→ What is being asked:
Pictures aside, each entry has to be returned exactly as it stands.

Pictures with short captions
+ + +
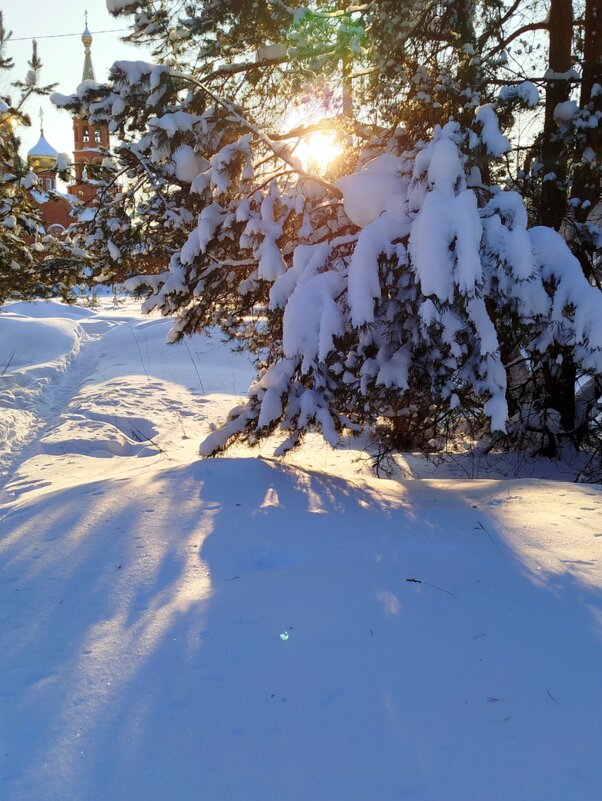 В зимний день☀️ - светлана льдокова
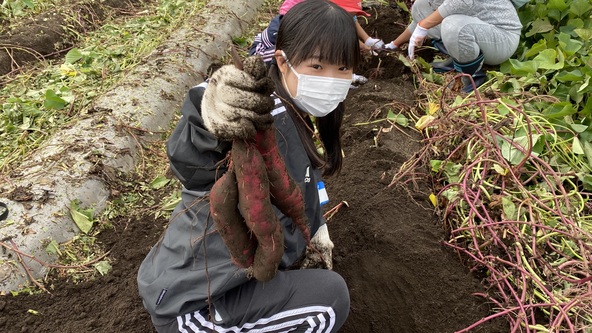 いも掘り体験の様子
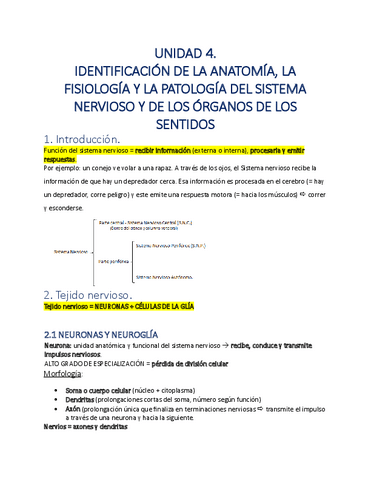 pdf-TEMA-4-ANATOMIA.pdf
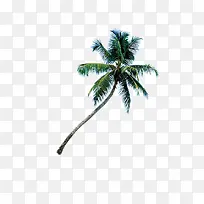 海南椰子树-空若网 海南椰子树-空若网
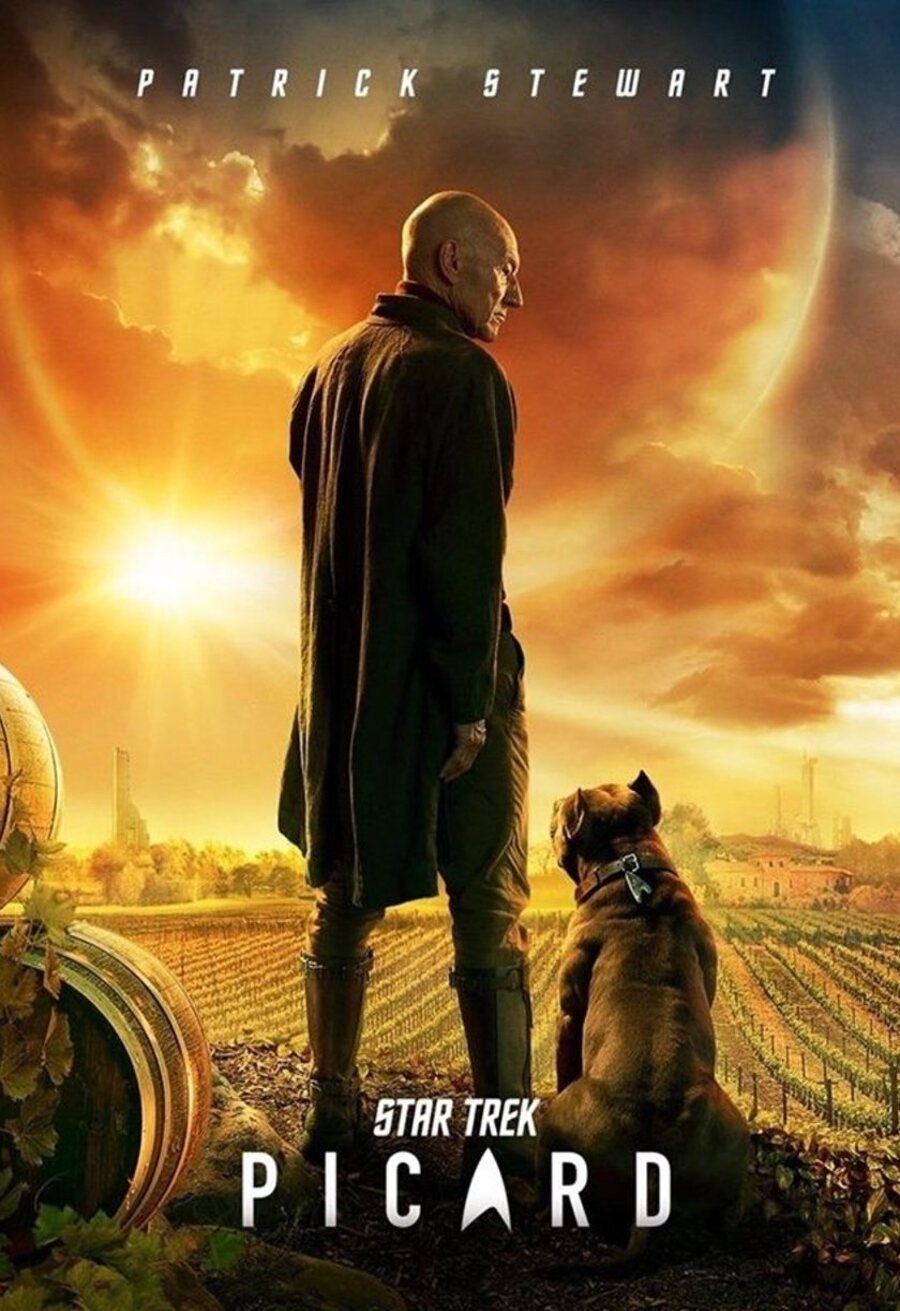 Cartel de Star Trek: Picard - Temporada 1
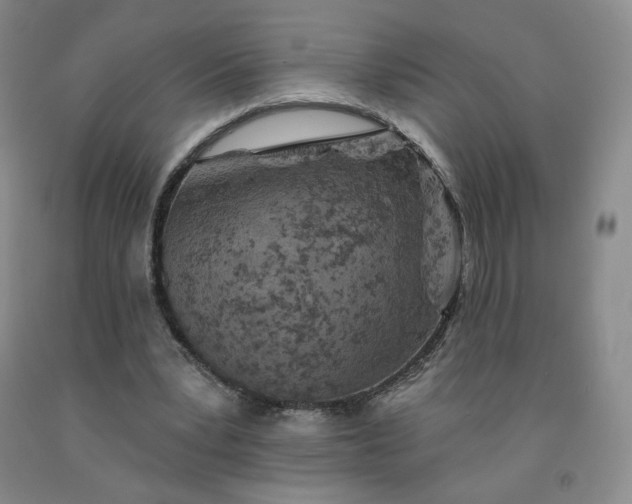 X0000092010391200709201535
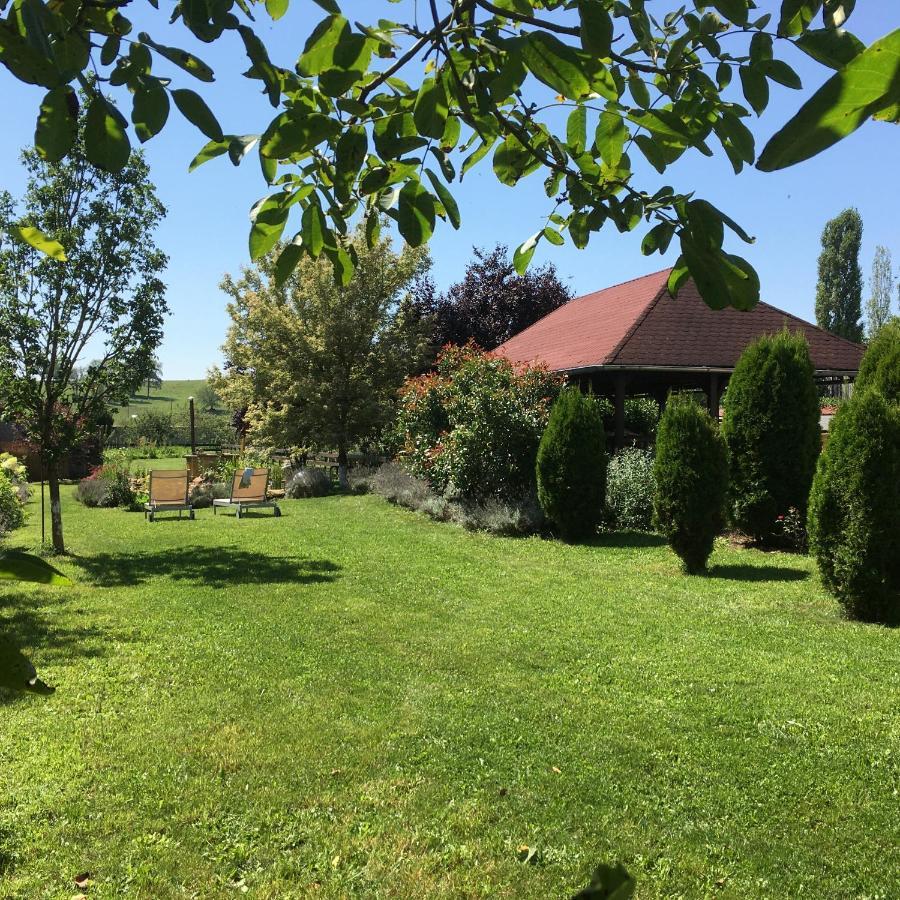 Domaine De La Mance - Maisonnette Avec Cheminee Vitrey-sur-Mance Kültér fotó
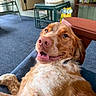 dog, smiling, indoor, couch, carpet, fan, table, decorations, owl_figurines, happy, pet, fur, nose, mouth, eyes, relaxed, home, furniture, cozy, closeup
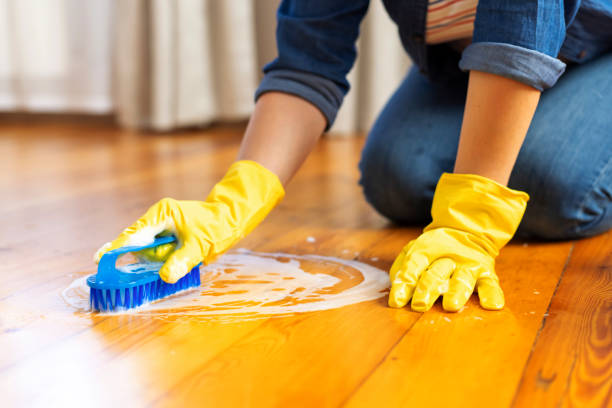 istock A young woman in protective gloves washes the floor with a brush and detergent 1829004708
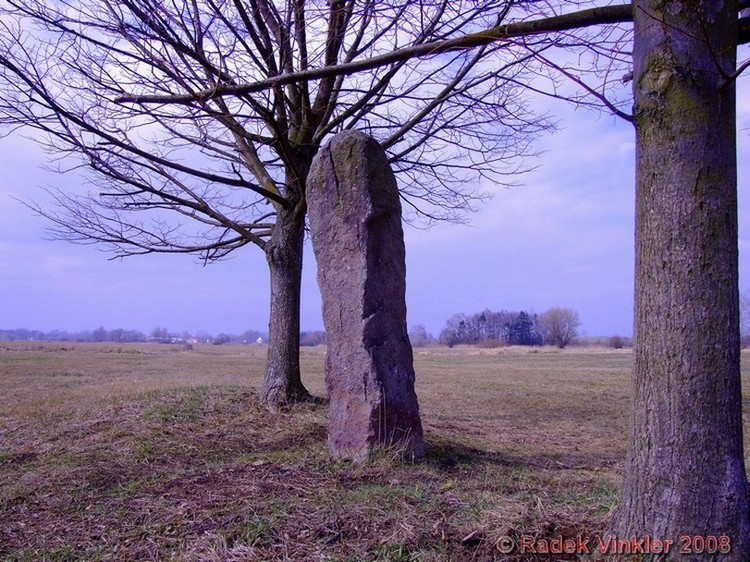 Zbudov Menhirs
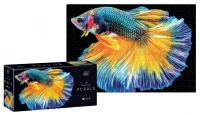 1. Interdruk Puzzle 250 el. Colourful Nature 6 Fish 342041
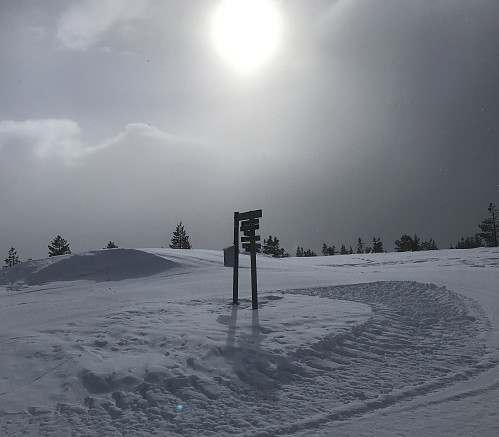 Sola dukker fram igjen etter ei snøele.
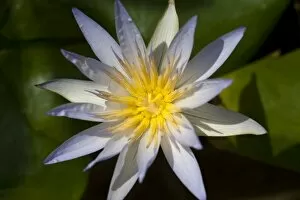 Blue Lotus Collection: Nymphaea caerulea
+ + +
→ Task answer:
 В зимний день☀️ - светлана льдокова
 いも掘り体験の様子
 pdf-TEMA-4-ANATOMIA.pdf
 海南椰子树-空若网 海南椰子树-空若网
 Cartel de Star Trek: Picard - Temporada 1
 X0000092010391200709201535
 Domaine De La Mance - Maisonnette Avec Cheminee Vitrey-sur-Mance Kültér fotó
 dog, smiling, indoor, couch, carpet, fan, table, decorations, owl_figurines, happy, pet, fur, nose, mouth, eyes, relaxed, home, furniture, cozy, closeup
 istock A young woman in protective gloves washes the floor with a brush and detergent 1829004708
 Zbudov Menhirs
 1. Interdruk Puzzle 250 el. Colourful Nature 6 Fish 342041
 Sola dukker fram igjen etter ei snøele.
 Blue Lotus Collection: Nymphaea caerulea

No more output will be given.